Isaac Asimov (1920 – 1992) was a prolific writer of science fiction and popular science books. Many people of my generation had their introduction to science through his writings. While not considered a philosopher of science, one of his articles should be required reading for anyone hoping to understand how science works. The article, with the same title as this blog, first appeared on The Skeptical Inquirer (p. 35, v. 14 1989) and later in a book of the same name.  The following is my take on his point.

To clarify the relativity of wrong concept, consider the value of π. A simple approximation is π = 3 (1 Kings 7:23). This is wrong but by less than 5%. A better approximation is π = 3.14. The error here is 0.05%. Strictly speaking both values are wrong. However, the second value is less wrong than the first. As a graduate student (in the olden days, as my daughter would say) I used π = 3.141592653589793 in my computer programs.
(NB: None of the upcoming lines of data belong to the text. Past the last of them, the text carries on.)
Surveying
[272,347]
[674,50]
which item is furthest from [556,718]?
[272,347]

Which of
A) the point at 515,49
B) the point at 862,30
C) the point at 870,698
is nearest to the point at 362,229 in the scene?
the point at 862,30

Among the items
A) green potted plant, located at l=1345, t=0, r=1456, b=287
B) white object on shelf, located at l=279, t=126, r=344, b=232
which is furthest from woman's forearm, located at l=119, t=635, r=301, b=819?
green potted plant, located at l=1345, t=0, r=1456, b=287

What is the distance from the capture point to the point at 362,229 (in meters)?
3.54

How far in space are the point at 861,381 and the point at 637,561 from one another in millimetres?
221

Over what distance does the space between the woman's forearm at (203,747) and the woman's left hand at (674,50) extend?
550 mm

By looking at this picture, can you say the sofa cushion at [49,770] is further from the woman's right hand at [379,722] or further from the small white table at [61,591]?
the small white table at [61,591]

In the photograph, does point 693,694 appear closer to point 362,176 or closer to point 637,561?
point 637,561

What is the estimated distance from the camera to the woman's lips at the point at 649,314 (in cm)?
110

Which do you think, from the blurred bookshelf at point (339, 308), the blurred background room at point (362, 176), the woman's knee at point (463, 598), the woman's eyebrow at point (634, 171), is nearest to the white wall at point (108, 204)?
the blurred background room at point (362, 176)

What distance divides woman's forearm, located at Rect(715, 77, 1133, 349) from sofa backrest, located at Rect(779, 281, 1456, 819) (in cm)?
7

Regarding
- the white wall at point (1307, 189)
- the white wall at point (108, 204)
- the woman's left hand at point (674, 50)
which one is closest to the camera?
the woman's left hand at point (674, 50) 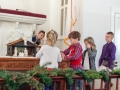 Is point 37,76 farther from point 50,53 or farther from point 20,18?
point 20,18

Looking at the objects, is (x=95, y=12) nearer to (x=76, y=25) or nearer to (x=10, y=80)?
(x=76, y=25)

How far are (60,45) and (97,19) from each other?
1.18m

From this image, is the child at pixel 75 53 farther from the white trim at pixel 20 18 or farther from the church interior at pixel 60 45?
the white trim at pixel 20 18

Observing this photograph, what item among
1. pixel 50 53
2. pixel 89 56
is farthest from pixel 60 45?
pixel 50 53

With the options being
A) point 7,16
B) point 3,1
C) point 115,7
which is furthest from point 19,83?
point 115,7

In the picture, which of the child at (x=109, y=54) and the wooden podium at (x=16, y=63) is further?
the child at (x=109, y=54)

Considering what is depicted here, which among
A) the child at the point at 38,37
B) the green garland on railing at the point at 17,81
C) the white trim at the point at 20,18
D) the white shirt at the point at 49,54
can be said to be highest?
the white trim at the point at 20,18

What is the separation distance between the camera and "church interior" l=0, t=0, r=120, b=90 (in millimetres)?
2201

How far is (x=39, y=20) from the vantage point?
4828 millimetres

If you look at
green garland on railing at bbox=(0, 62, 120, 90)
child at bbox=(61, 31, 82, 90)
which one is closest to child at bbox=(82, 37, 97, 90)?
child at bbox=(61, 31, 82, 90)

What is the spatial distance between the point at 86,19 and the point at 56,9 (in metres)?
1.20

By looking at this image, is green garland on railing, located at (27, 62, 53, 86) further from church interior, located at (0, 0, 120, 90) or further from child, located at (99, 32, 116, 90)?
child, located at (99, 32, 116, 90)

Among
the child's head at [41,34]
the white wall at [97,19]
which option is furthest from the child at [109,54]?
the child's head at [41,34]

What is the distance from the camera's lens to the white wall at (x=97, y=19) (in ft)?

This is still wrong but much less wrong than the previous approximations. There was no point using a more accurate value of π since the precision of the computer was 15 digits (single precision on a CDC computer). None of these values of π are absolutely correct. That would take an infinite number of digits, so all are wrong. However the initial values are more wrong than the latter values. They all are useful in the appropriate context.  Hence, the relativity of wrong.

The same logic applies to models. Consider the flat earth model. For the person who never travels farther that 100 km from his birthplace, the flat earth model is quite accurate. The curvature of the earth is too small to be detected. However when the person is a sailor, the question of the shape of the earth takes on more urgency. The flat earth model suggests questions like: Where is the edge of the earth? What will happen if I get too close? For the world traveler, the flat earth model is not sufficient. The spherical earth model is more useful, has greater predictive power and suggests a wider range of questions. Questions like: Does the earth rotate? Does it move around the sun or does the sun move around the earth? But it is a wrong statement that the earth is exactly spherical. Not as wrong as the statement the earth is flat but still wrong. However being not exactly correct does not make it useless. A spherical globe allows a much better understanding of airplane routes than a flat map. But the earth is not a perfect sphere. It is flattened at the poles (a quadrupole deformation). Smaller still is its octapole (pear shaped) deformation. The exact shape of earth will never be measured, as that would require, like π, an infinite number of digits but in an infinite number of parameters. It would also be useless. What is needed is a description sufficiently accurate for the purpose it is being used for. Science is the art of the appropriate approximation. While the flat earth model is usually spoken of with derision, it is still widely used. Flat maps, either in atlases or road maps, use the flat earth model (except for my road map it is a crinkled earth model) as an approximation to the more complicated shape.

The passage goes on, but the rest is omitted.